The list of PPACA broken promises is growing daily. Rep. Nancy Pelosi was right; they did have to pass the bill so we could see what was in it. Families with incomes under $250,000 certainly don't like what they see. Anyone who thought we could add all of these goodies for free probably still believes in the tooth fairy. Some of the taxes are not frontline increases, but are more insidious and corrosive. Medical device makers now have to add a 2.4 percent surcharge on any device costing more than $100. Who do you think is going to have to pay that additional cost?

New CBO estimates hike the estimated program costs from their original prognostication of $814 billion to $1.047 trillion over the next 10 years. Interestingly, the administration that made the aforementioned promise to the country now contends that money raised from taxes, penalties and fees will offset those costs. Seriously? Re-read my recent column on the goings-on in Massachusetts and see how that philosophy is working out for the Bay State.

We were told that costs would go down, but the IRS now estimates that the least expensive bronze plan will cost a family of four nearly $20,000 a year in 2016. That is an increase of $4,000 from the average cost a family paid last year. No one today believes that health care will be improved.

A shortage of primary care doctors combined with a glut of newly insured (maybe we should say covered — it is getting increasingly difficult to call something insurance that is not insurance) citizens is a formula for public clinics. While that scheme works in some countries, America is not some countries. Americans don't have a propensity for waiting in lines unless they come away with a new electronic device with a name beginning with a vowel.

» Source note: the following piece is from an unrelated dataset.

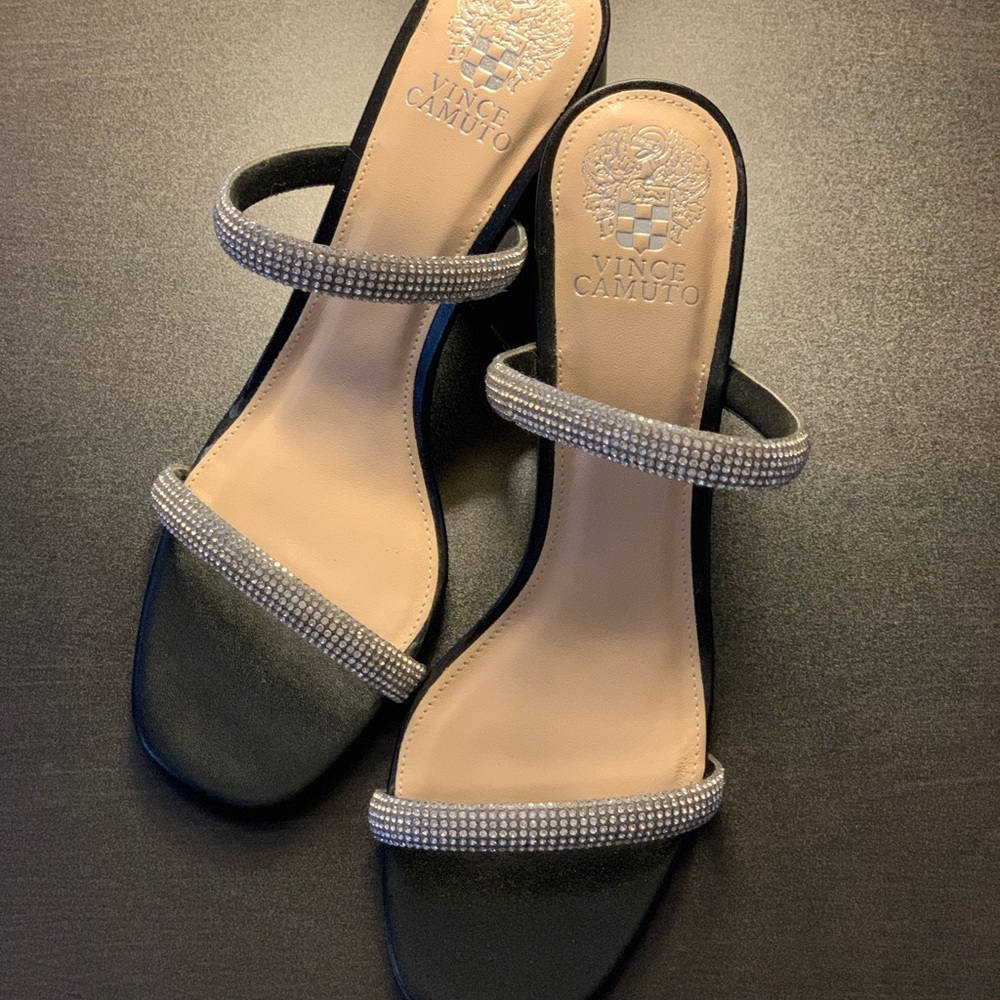 Vince Camuto Block Heel Sandals Size 9.  New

Now even the unions that were foursquare in favor of PPACA are getting cold feet. They are worried the law will drive up the cost of providing health care plans and make them less competitive. They are lobbying to make some of their members eligible for federal subsidies. Remember, those subsidies were designed for employees whose employers did not provide plans, so the employees could buy private insurance.

Mission creep
Here is yet another problem, endemic to all government-funded programs: mission creep. The term, usually used to describe military operations that expand beyond their original goal, seems to be especially applicable here. For those who may be thinking the subsidies are pretty well-specified in PPACA and can't really be fooled with, think again. The Obama administration, contacted for comment by the Wall Street Journal (Jan. 30, 2013) says, "The issue is subject to regulations being written."

Ever since state-based, small group reform in the 1990s, it has been clear that while the legislatures set the table, it is the regulators who end up dictating the real-world implementation — and effects — of the laws. Regulations are where the rubber meets the road. Regulations are also the mother's milk of mission creep.

Many labor groups are concerned that if the subsidies are not expanded, unionized employers will drop coverage. "So what?" you ask. "This is the same conversation I am having with all of my employer groups." The salient difference is that current coverage for this population is provided as a benefit of being a member of a union. If that benefit is removed, organized labor worries it will lose a key membership driver that will, in turn, have a disastrous effect on their numbers.

In the coming months, there will be more instances of PPACA proponents learning their interests may be compromised as this expansive and ever-expanding law and its thousands upon thousands of pages of regulation move forward. Those folks should surf on over to YouTube to watch the E*Trade baby show his shocked face. Watch his expression. It's the same face you will see on those of us who knew these problems were an inevitable consequence of this legislation.